*** Opening Extracted material ***
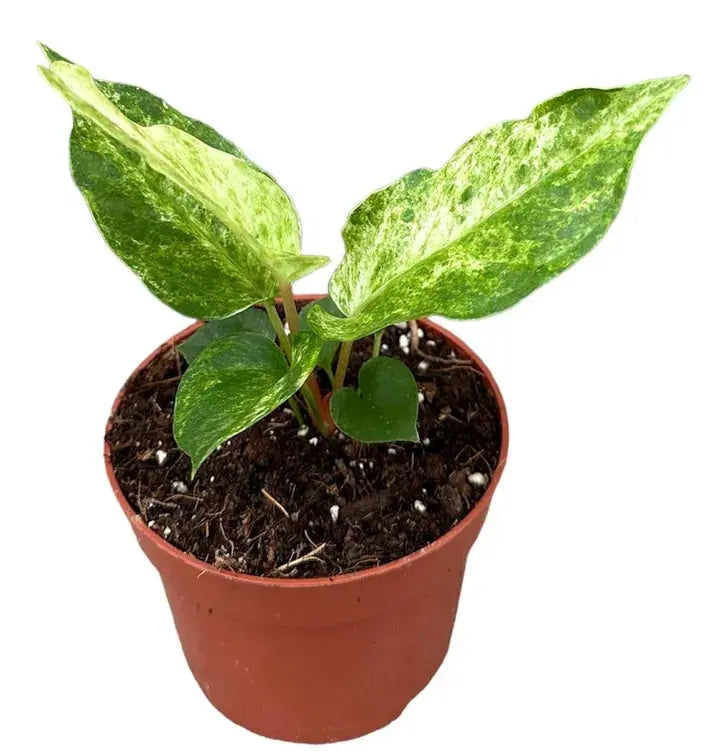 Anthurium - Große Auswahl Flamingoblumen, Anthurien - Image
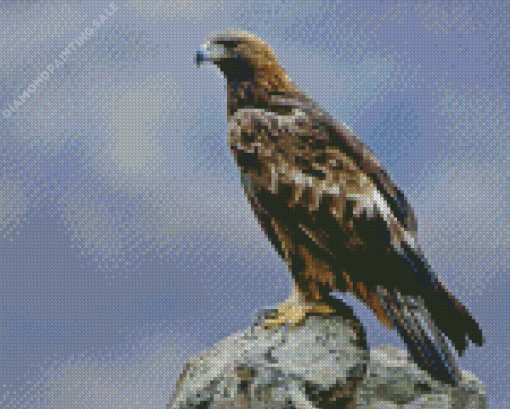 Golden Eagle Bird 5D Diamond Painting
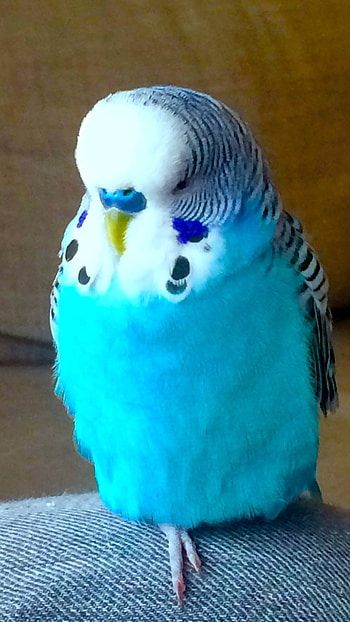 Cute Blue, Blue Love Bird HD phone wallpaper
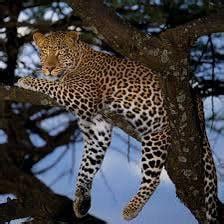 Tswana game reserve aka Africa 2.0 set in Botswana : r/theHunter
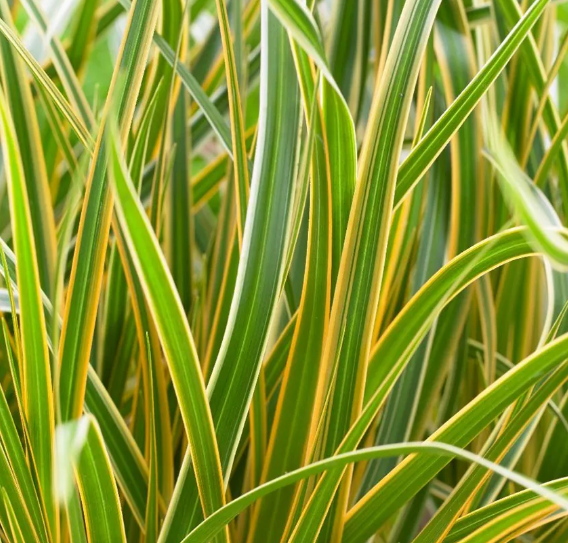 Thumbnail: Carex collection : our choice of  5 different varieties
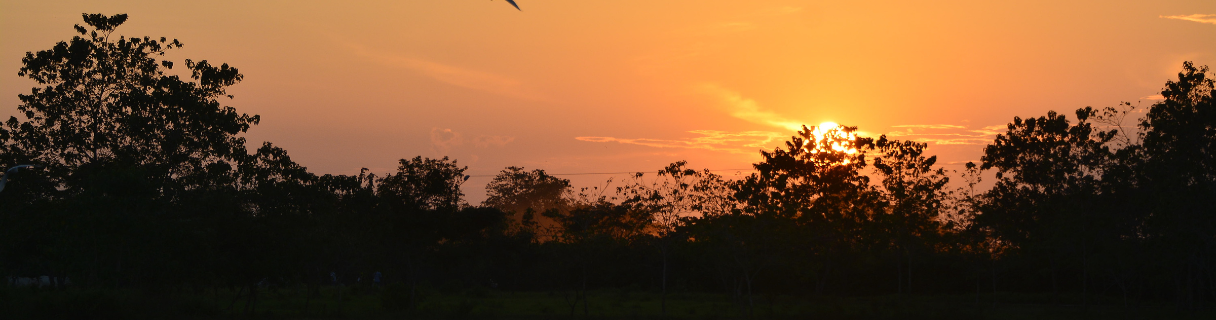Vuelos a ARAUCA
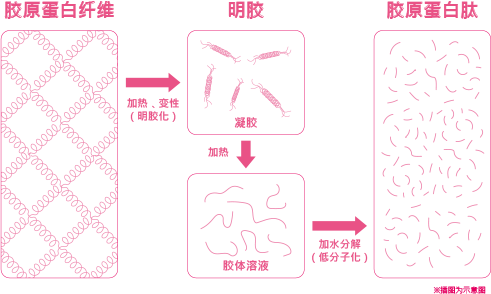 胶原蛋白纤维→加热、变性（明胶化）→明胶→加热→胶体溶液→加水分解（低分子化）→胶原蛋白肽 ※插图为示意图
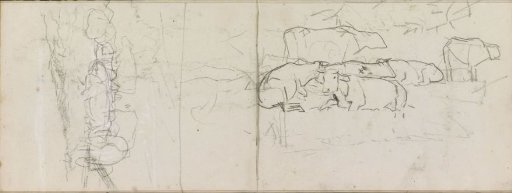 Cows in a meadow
*** Closing Extracted material ***
▶ **What the task asks**
Repeat only the lines from the one with "胶原蛋白纤维→加热、变性（明" through the end of the data, both included and exactly as written. Pictures stay out of the copy.

▶ **Written reply**
 胶原蛋白纤维→加热、变性（明胶化）→明胶→加热→胶体溶液→加水分解（低分子化）→胶原蛋白肽 ※插图为示意图
 Cows in a meadow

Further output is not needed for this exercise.